=== Provided material ===
---+---

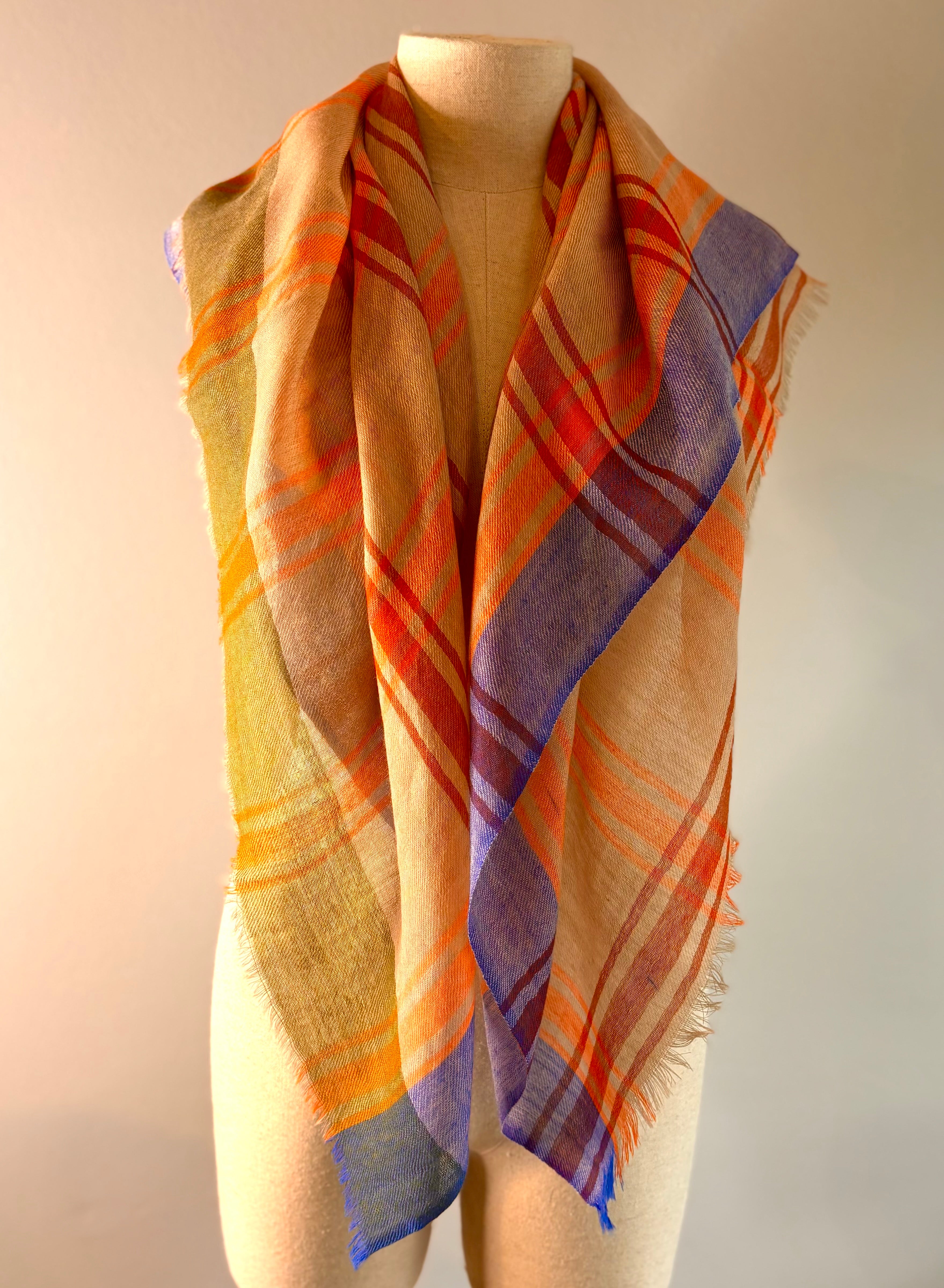 Foulard lã merino KILT bege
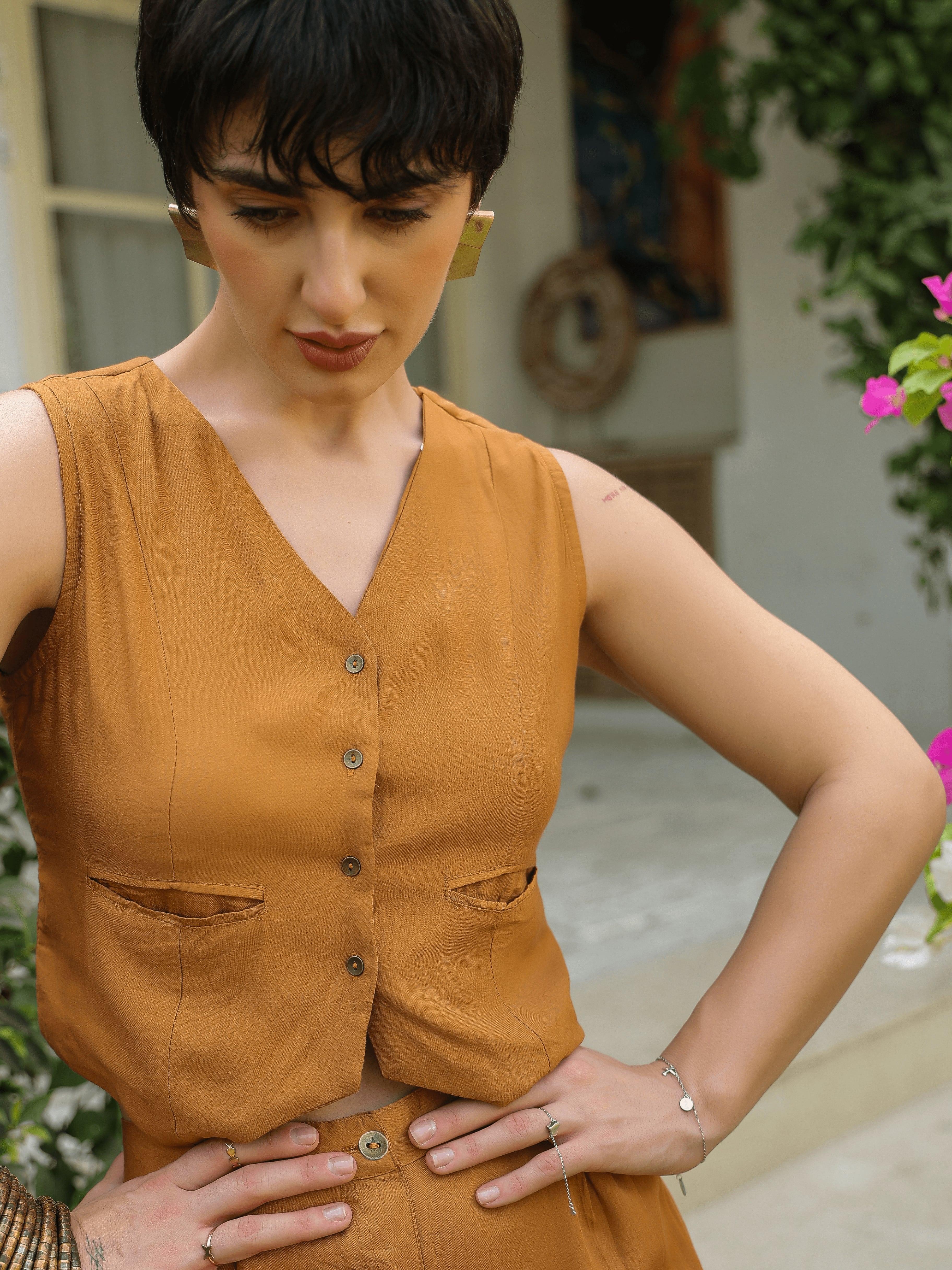 Rust V-Neck Viscose Rayon Solid Coat Co-Ords Set For Women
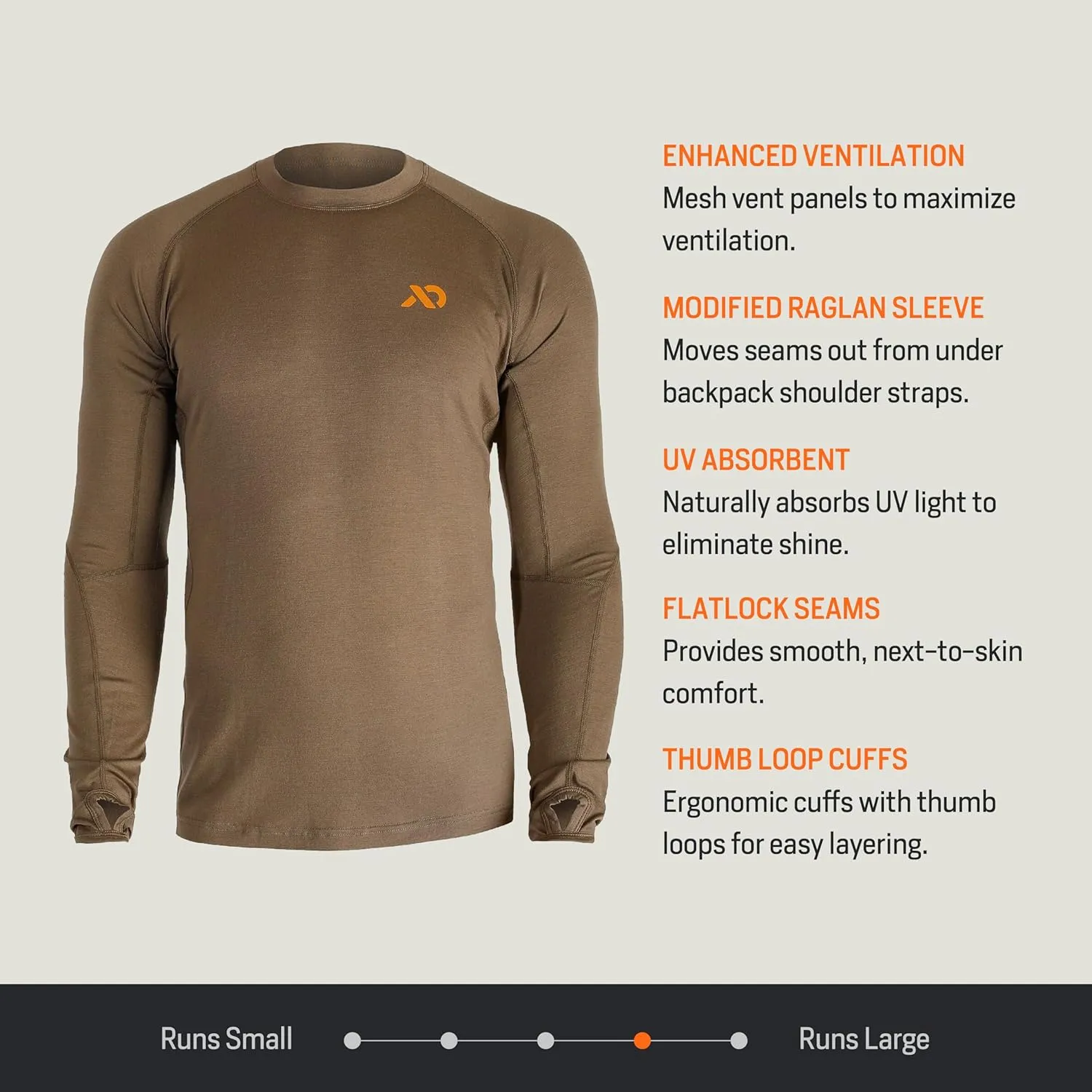 First Lite Men's Wick Long Sleeve Crew - Merino Wool Camo Hunting Base Layer, UV Protection Moisture Management Shirt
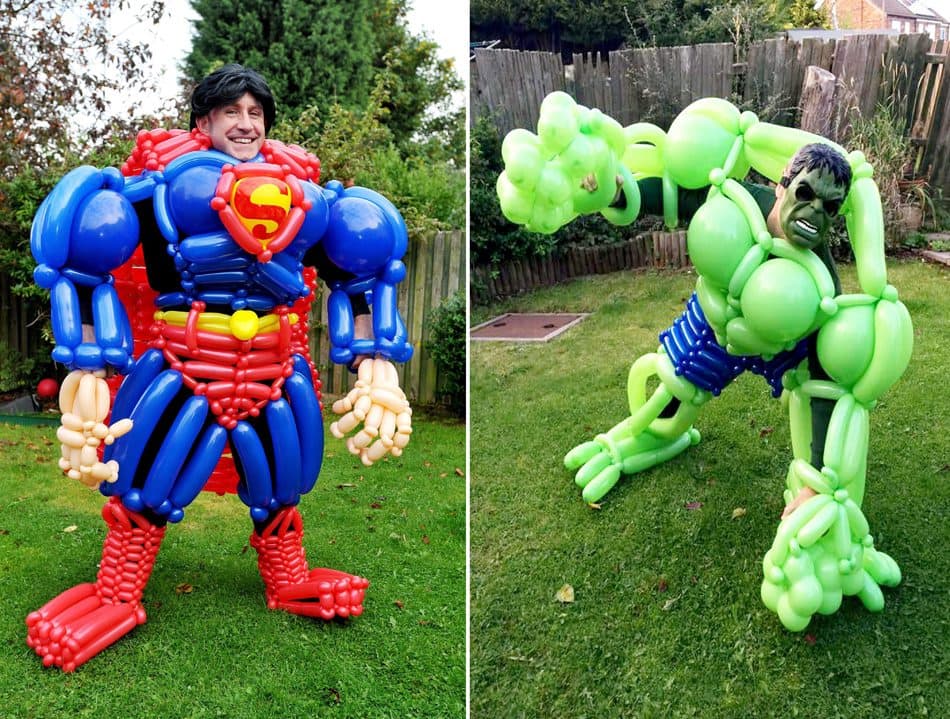 ¡Abracadabra! Llegaron los superhéroes inflables.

---+---

=== What is being asked ===
Omitting all pictures, retype exactly the lines from the line containing "First Lite Men's" down to the last line above, both ends included.

=== Answer space ===
 First Lite Men's Wick Long Sleeve Crew - Merino Wool Camo Hunting Base Layer, UV Protection Moisture Management Shirt
 ¡Abracadabra! Llegaron los superhéroes inflables.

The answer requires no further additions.